Read the web document, note any terms or concepts with which you are unfamiliar, and define them. Identify any people mentioned by name in the web document. [NOTE: In most cases, a "web document" contains notes on a series of actual paper documents in the archives. You should use all of the notes in the web document to prepare your paper.]

Refer to our textbooks for material on the same period as your document and determine what light that they shed on the notes in the web document. If questions remain unanswered, seek additional information from the WCU library collection, the JSTOR on-line periodicals service (which can be accessed from on-campus computers through the Francis Harvey Green web site) and other Internet sources. If you are still having problems after that, describe your problem to Dr. Jones in person or via email at jjones@wcupa.edu.

WHAT TO WRITE: Begin by describing the document or series of documents that you have selected. Explain when it/they were written, what geographical area they cover, the identity of the authors, and the purpose they were intended to serve.

Comment on their accuracy in light of what you have learned from your other reading. In particular, seek errors and explain why you think they are errors, using reference notes to document your argument. If you wish to defend the accuracy of author(s)' work, do that, but once again, use reference notes to document your argument.

Finally, write a conclusion that places your document in the larger context of colonial African history. Explain why colonial authorities devoted resources to documenting the subject of your web document, and took any actions that are described in the Web document.

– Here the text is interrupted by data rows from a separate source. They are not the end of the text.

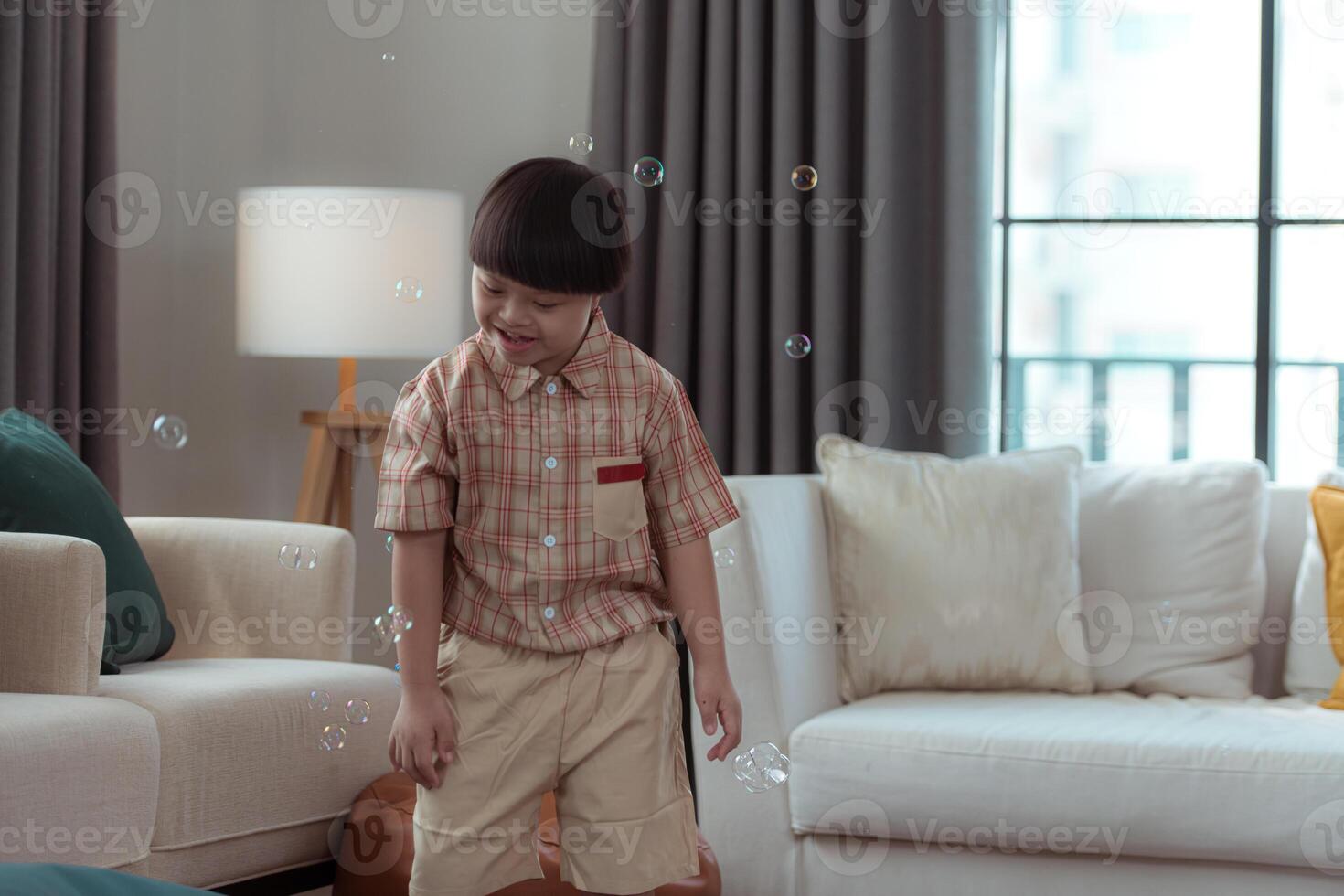 A special child having fun playing with a soap bubble bag in the living room of the house photo
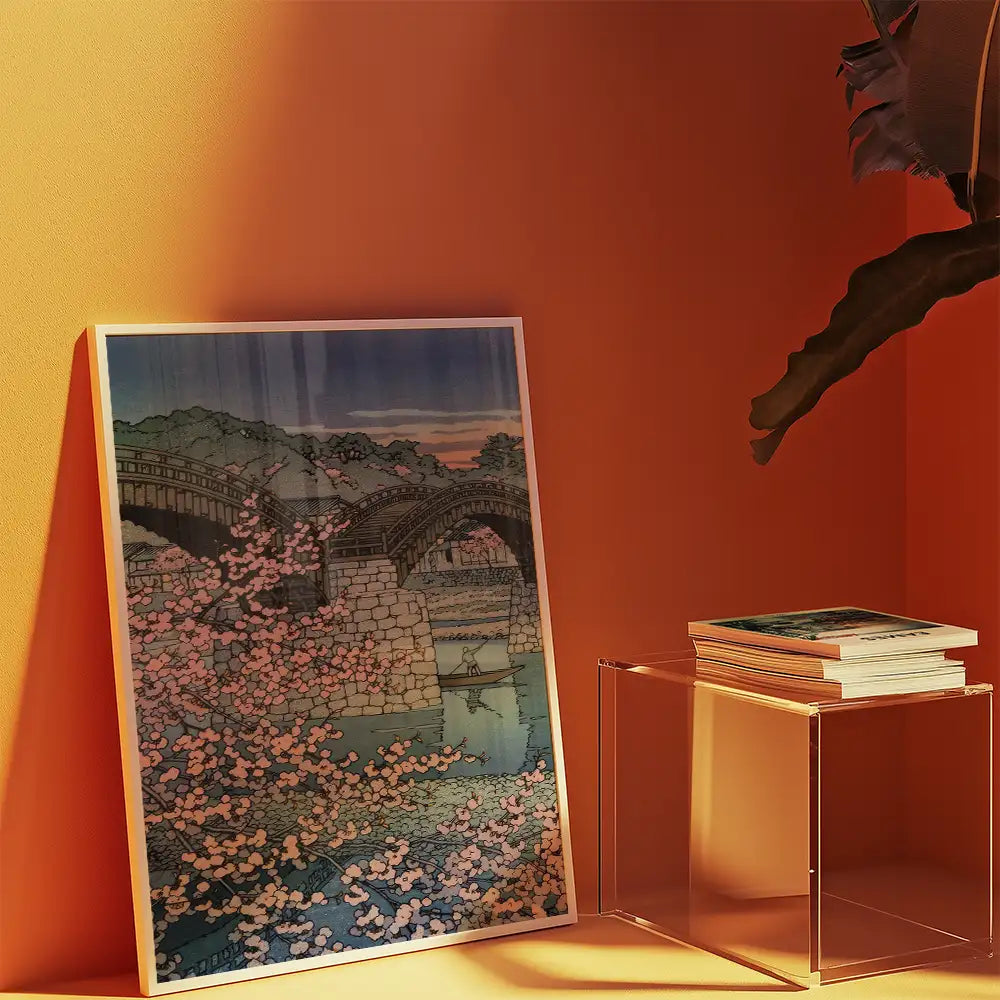 Painting of a serene landscape featuring a stone bridge, cherry blossom trees, and a tranquil body of water, displayed against a warm orange background.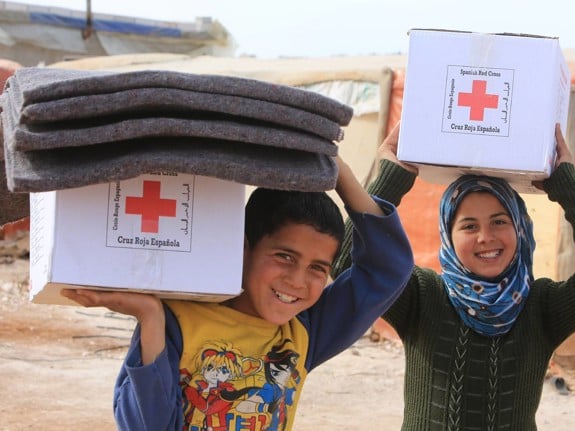 Barn bär på Röda Kors-paket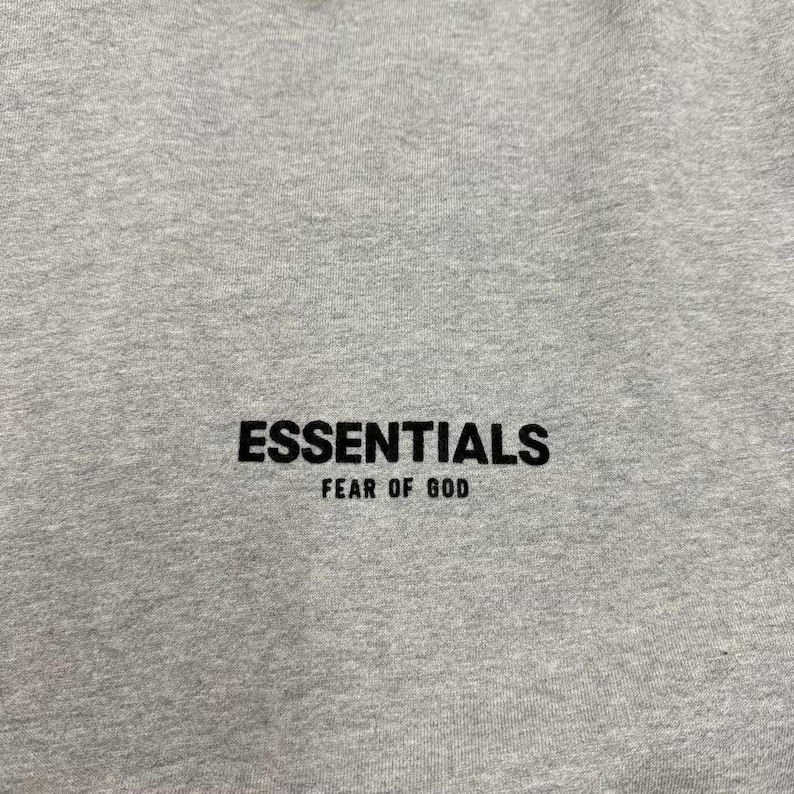 May include: Close-up of a heather gray sweatshirt with the word "ESSENTIALS" printed in black, with "FEAR OF GOD" printed below it. The fabric has a textured appearance.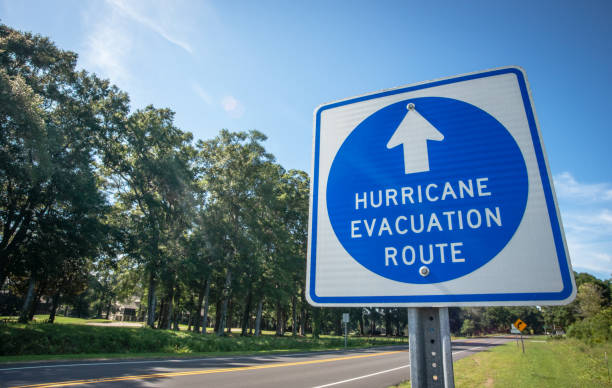 Hurricane Evacuation Route Sign A sign directs hurricane evacuees to safety. evacuation stock pictures, royalty-free photos & images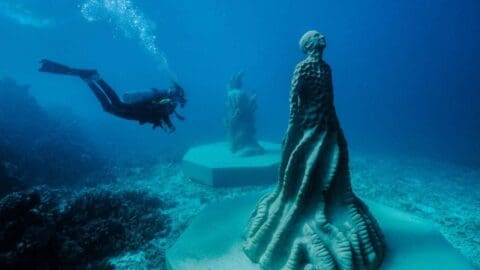 A scuba diver explores underwater sculptures on the ocean floor. The sculptures have abstract, textured designs and are mounted on platforms.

Make sure that you provide reference notes (end notes are preferable) for everything you cite in your paper. The formatting of your paper and reference notes should follow the Chicago Manual of Style (Turabian).

SUMMARY: Your completed research paper should include the following sections:

  1. Introduction (description of document)
  2. Definitions
  3. Identifications
  4. Analysis of the document's accuracy
  5. Conclusion (describing the larger context surrounding the web document)

Your grade will be determined by the completeness and clarity of your written paper (50%); accuracy in spelling, grammar and punctuation on your written paper (25%); and the range and quality of your sources (25%). Papers turned in less than 24 hours late will result in a 25% penalty for the entire assignment. Papers turned in more than 24 hours late will result in a zero for the entire assignment.

FINAL DISCUSSION

Each person will have five minutes to describe his/her document and its context, and additional time to respond to questions from the rest of the class.

Your grade will be determined by the clarity of your presentation (50%) and the extent to which your answers show an ability to connect the document you chose with the larger issues of colonial African history (50%). [NOTE: If there are no questions from students, the professor will provide at least one.]